TASK TO COMPLETE -
Show each line from the listing that includes the word "Ford".

INFORMATION GIVEN -
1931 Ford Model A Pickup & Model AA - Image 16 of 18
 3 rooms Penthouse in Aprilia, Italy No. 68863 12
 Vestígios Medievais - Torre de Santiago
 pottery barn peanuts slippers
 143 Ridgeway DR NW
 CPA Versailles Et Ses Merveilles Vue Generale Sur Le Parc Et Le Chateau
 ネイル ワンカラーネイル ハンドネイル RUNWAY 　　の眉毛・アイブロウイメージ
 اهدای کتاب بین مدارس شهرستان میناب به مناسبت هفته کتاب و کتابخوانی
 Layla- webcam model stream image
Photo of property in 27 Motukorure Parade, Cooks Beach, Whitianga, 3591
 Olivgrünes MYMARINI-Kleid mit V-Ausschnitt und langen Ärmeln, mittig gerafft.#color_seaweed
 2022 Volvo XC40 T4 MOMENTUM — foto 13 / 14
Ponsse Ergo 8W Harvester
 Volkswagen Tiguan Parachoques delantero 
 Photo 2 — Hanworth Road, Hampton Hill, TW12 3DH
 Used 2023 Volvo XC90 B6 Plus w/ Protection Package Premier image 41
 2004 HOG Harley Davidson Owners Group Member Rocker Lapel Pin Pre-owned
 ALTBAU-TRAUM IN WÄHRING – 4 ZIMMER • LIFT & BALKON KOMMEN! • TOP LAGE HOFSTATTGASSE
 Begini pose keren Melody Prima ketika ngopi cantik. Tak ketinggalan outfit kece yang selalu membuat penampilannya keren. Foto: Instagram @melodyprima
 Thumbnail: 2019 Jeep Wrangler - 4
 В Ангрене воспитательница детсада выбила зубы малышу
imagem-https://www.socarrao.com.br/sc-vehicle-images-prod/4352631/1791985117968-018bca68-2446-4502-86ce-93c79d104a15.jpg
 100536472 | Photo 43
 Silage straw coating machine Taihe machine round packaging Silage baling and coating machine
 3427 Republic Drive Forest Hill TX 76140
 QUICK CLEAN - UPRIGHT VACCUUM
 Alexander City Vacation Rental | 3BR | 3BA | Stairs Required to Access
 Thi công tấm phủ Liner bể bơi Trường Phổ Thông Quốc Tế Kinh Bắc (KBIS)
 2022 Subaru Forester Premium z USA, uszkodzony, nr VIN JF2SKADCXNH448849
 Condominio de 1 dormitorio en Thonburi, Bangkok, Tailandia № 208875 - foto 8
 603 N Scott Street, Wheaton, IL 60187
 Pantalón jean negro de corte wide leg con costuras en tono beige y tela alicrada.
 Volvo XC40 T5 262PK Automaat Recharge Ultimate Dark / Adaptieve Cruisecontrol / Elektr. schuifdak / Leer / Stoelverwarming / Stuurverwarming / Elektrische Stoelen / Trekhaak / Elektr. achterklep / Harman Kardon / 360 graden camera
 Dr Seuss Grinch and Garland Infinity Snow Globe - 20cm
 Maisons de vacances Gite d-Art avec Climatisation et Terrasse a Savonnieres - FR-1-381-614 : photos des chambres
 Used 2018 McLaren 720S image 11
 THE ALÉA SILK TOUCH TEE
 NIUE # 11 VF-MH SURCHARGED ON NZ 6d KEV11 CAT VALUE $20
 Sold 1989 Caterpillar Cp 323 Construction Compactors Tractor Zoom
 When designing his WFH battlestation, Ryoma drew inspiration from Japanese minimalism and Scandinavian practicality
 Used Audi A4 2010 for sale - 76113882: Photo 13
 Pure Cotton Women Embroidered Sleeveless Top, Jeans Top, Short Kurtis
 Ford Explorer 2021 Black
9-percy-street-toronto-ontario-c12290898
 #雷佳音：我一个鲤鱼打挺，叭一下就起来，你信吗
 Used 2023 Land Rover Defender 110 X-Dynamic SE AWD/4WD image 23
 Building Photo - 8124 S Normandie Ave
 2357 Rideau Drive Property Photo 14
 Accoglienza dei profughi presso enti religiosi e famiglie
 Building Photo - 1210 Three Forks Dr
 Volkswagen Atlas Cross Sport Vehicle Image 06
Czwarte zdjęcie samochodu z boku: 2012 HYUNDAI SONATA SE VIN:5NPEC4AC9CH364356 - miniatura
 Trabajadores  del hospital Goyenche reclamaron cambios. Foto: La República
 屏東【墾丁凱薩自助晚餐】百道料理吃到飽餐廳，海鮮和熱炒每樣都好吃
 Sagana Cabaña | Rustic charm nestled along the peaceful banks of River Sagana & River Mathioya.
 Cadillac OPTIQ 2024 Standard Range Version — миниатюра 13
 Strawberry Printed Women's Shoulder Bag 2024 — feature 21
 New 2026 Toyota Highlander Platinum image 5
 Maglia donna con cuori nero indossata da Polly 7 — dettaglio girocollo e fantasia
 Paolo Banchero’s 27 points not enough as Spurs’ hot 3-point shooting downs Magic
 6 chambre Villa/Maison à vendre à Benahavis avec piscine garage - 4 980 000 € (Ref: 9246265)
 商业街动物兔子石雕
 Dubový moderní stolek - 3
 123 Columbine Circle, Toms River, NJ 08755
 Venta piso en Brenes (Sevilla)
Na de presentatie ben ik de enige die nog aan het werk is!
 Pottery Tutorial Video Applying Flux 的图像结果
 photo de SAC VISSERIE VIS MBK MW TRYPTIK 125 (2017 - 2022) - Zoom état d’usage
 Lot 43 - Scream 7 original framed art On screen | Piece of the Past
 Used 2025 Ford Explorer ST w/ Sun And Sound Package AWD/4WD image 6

YOUR RESPONSE -
1931 Ford Model A Pickup & Model AA - Image 16 of 18
 Ford Explorer 2021 Black
 Used 2025 Ford Explorer ST w/ Sun And Sound Package AWD/4WD image 6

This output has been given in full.